__YOUR OBJECTIVE__. In the records below, repeat exactly the lines between the line holding "deaf sentence-9781846551680" and the line holding "APL-KF-CH - Apollo Kitchen Faucet in Chrome", inclusive, and drop the pictures.

__GIVEN RECORDS__.
=== Begin Enclosure ===

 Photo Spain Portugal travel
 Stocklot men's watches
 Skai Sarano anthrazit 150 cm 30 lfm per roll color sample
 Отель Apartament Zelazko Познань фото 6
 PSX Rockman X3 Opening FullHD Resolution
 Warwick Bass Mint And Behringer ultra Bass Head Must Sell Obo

=== End Enclosure ===
=== Begin Enclosure ===

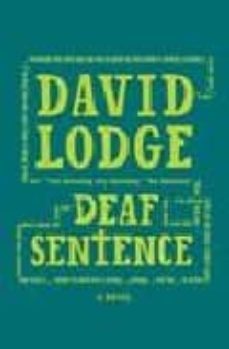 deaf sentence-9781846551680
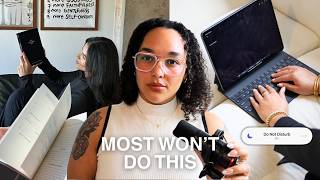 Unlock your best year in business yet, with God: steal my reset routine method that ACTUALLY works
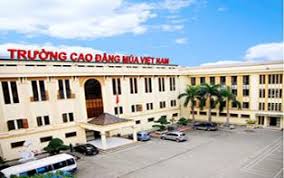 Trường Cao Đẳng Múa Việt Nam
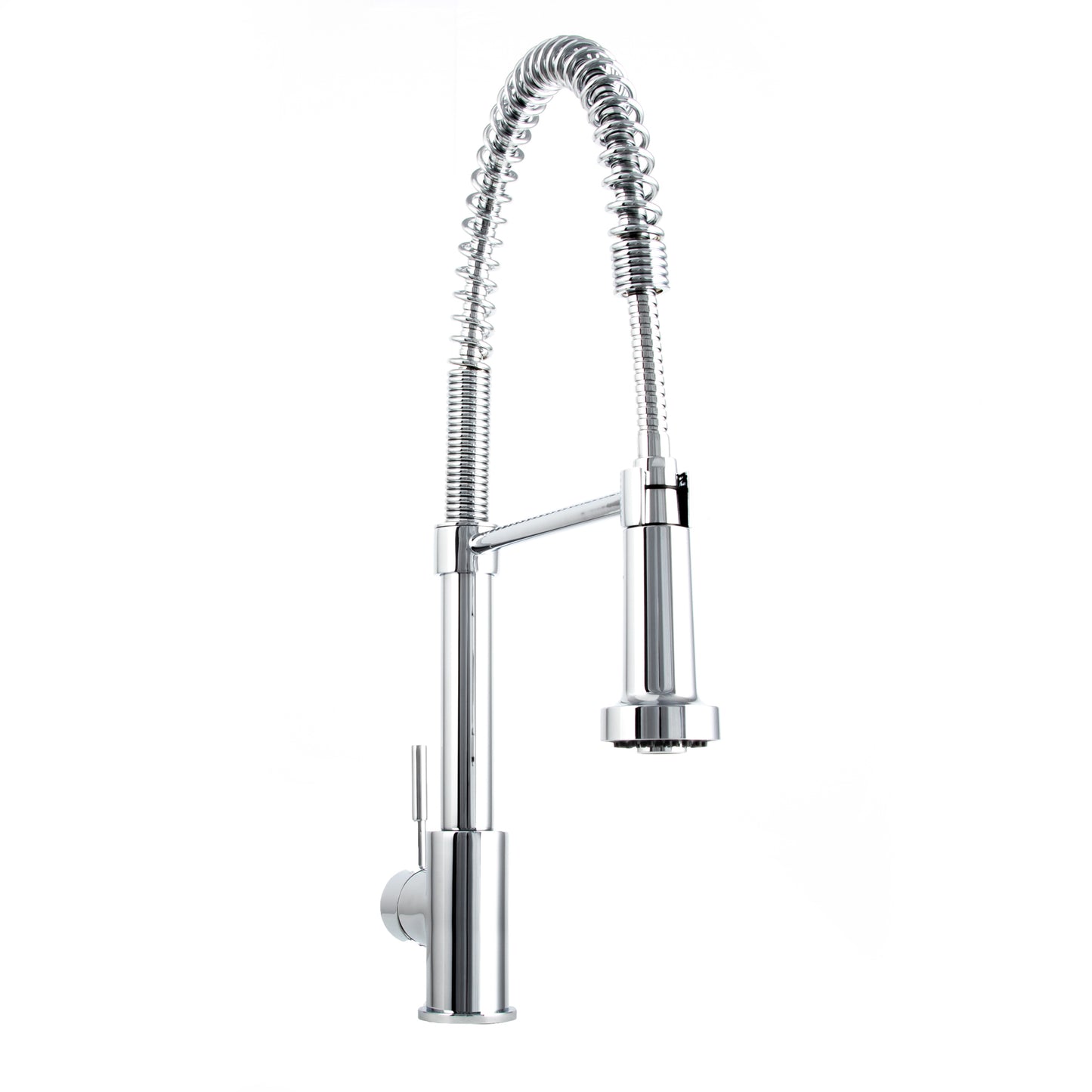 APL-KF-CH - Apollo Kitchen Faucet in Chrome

=== End Enclosure ===

__SOLUTION FOR THIS PROBLEM__.
 deaf sentence-9781846551680
 Unlock your best year in business yet, with God: steal my reset routine method that ACTUALLY works
 Trường Cao Đẳng Múa Việt Nam
 APL-KF-CH - Apollo Kitchen Faucet in Chrome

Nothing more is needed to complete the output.